El caso Montoro es el penúltimo episodio de la maldición del gobierno Rajoy, que muy posiblemente pasará a la historia como la peor colección de corruptos de la política española. Aún nos queda mucho por saber: el próximo curso político el PP afronta 28 juicios por corrupción –entre ellos los casos Gürtel, Púnica y Kitchen–, con más de 150 investigados, entre ellos el propio Rajoy. Con este panorama por delante, se entiende la insistencia de Feijóo en pedir que se convoquen elecciones anticipadas, y se entiende también que Pedro Sánchez se aferre a la silla pese a su desastrosa situación política, parlamentaria y judicial (con el estallido de los casos Ábalos y Cerdán, y lo que no sabemos), que justificarían sobradamente, en un país normal, su dimisión.
El asunto del exministro de Economía y Hacienda es especialmente sangriento, porque no solo implica un enriquecimiento o la financiación irregular de un partido (delitos a los que, desgraciadamente, nos hemos ido acostumbrando), sino también el ensuciamiento del aparato recaudatorio del Estado para beneficiar a determinadas empresas y sectores, el redactado de leyes y normas ad hoc, y la amenaza constante de utilizar a Hacienda contra enemigos personales y políticos. Lo que se ha explicado hasta ahora no solo avergüenza a los exministros Montoro y Catalá, sino que pone en cuestión todo el sistema recaudatorio español, más allá del mandato del PP. El daño reputacional para el Estado es gravísimo.
Es cierto que los implicados ya no están en la cúpula del PP, mientras que los pufos del PSOE implican de lleno a Pedro Sánchez, pero es evidente que el panorama ha cambiado y que Feijóo ha recibido un buen torpedo a su estrategia. España es ahora mismo un enorme barrizal del que solo Vox puede salir favorecido. ¿Y Catalunya? Ojalá los partidos soberanistas tuvieran la fuerza para apartarnos de este escenario tan tenebroso.
Lo único que me consuela de todo esto es ver que a (casi) cada cerdo le llega un San Martín en diferido, como diría Cospedal, y que si bien el proceso catalán truncó muchas vidas en el bando independentista, a consecuencia de la represión, los represores también vivieron una despedida precipitada a causa de la corrupción sistémica, que impulsó la moción de censura contra Rajoy en el 2018. Después vino la salida de las vicepresidentas Soraya Sáenz de Santamaría y María Dolores de Cospedal, a quien podríamos ver sentadas en el banquillo de los acusados gracias a sus imprudentes conversaciones con Villarejo, que pusieron de manifiesto el uso perverso de las cloacas del Estado. En la misma situación se encuentra Jorge Fernández Díaz, el siniestro inspirador de la operación Catalunya y creador de la policía patriótica. Si añadimos a Montoro y Catalá, podríamos hablar, literalmente, de un gobierno en la sombra.
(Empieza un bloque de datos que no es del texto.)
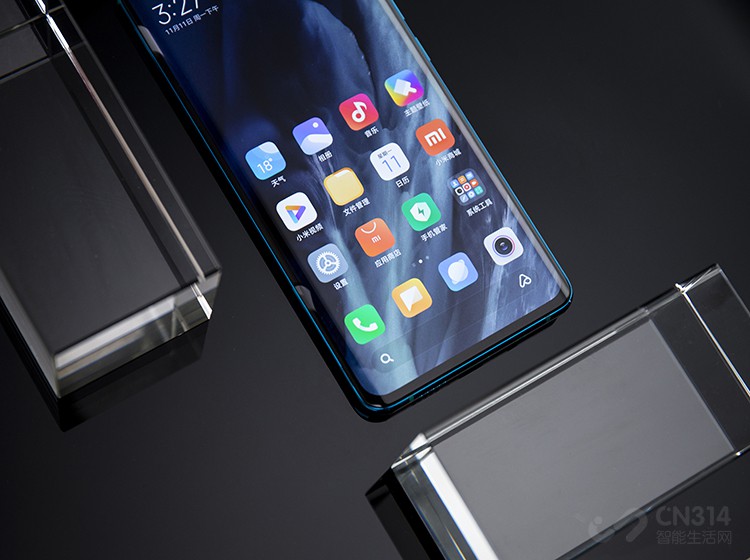 С��CC 9 Pro����COP��װ���գ��������һ�� 6.47 Ӣ���˫����ˮ��������Ļ���ߺ�����оƬ������ʾ����������������°͡��߿򶼱Ƚ�խ������ֻ�� 3.43mm���ǳ���С�� MIX Alpha �����°���խ��С���ֻ���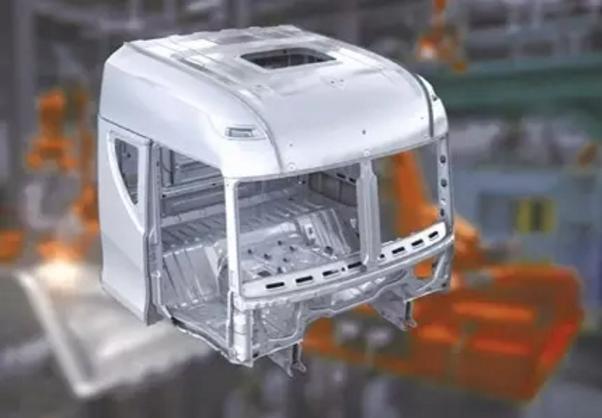 驾驶室后移1米多救人命 华菱星马牵引车也做到了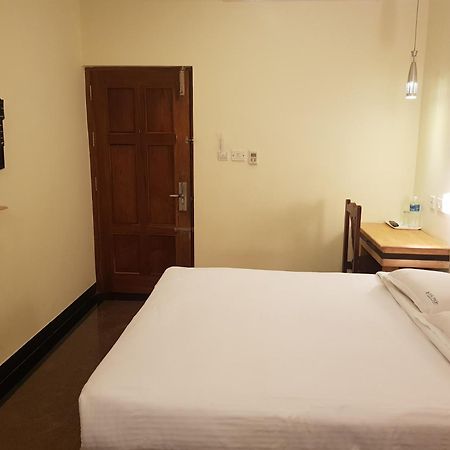 P R Pride Inn Pondicherry Dış mekan fotoğraf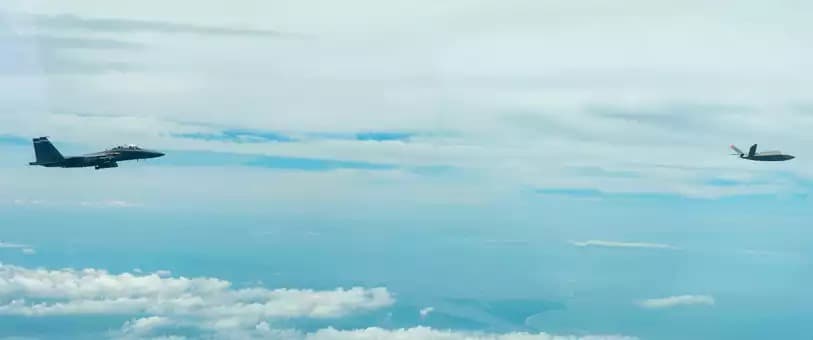 686e4e0247999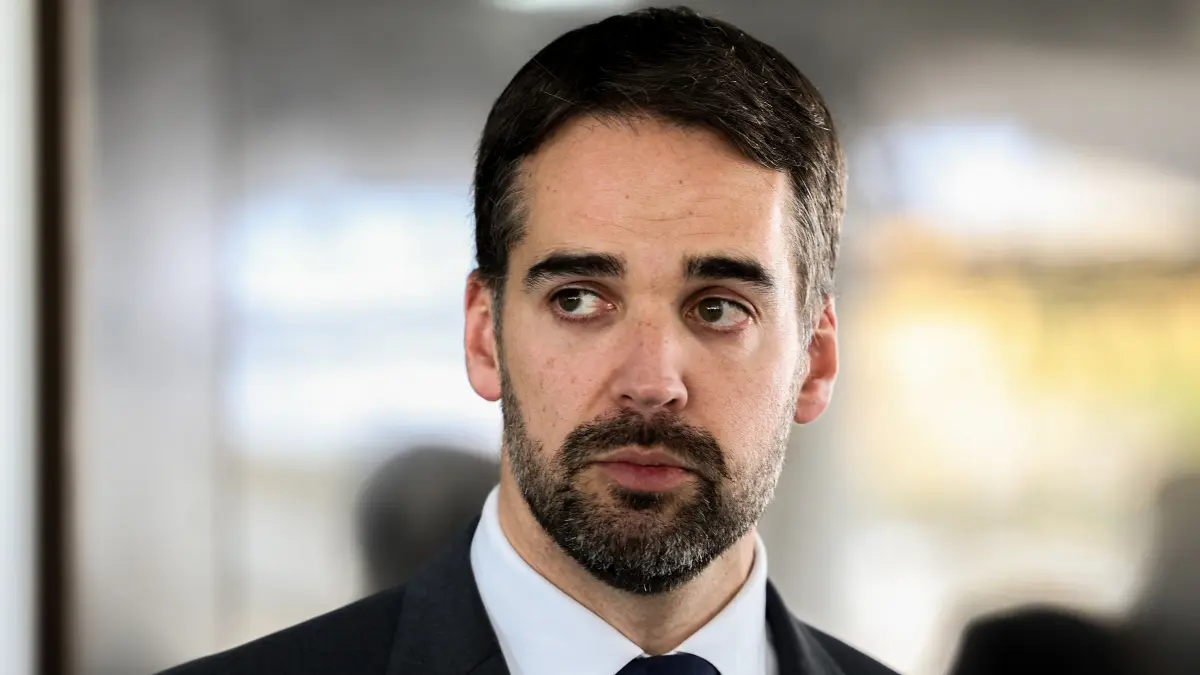 Eduardo Leite defende aliança entre centro e direita fora do bolsonarismo rumo às eleições de 2026.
De este grupo siguen en activo algunos personajes funestos que no irán a juicio pero que tampoco pasarán a la historia como estadistas: el exministro Zoido, el que nos envió los piolines, reposa en un escaño del Parlamento Europeo; Alicia Sánchez-Camacho es diputada rasa en la Asamblea de Madrid; Jorge Moragas es el segundo de la embajada española en Guinea, y Enric (perdón, Enrique) Millo fue rescatado para hacer de secretario de Acción Exterior del gobierno andaluz, que no hace tanto animaba a las empresas catalanas a trasladarse a Andalucía.
El único que ha salido bien parado del terremoto político del PP catalán es Xavier García Albiol, al que recuerdo gritando "¡A por ellos!" en la campaña electoral del 2017. Ahora es alcalde de Badalona con una cómoda mayoría absoluta. Pero para explicar la dinámica política badalonesa haría falta otro artículo.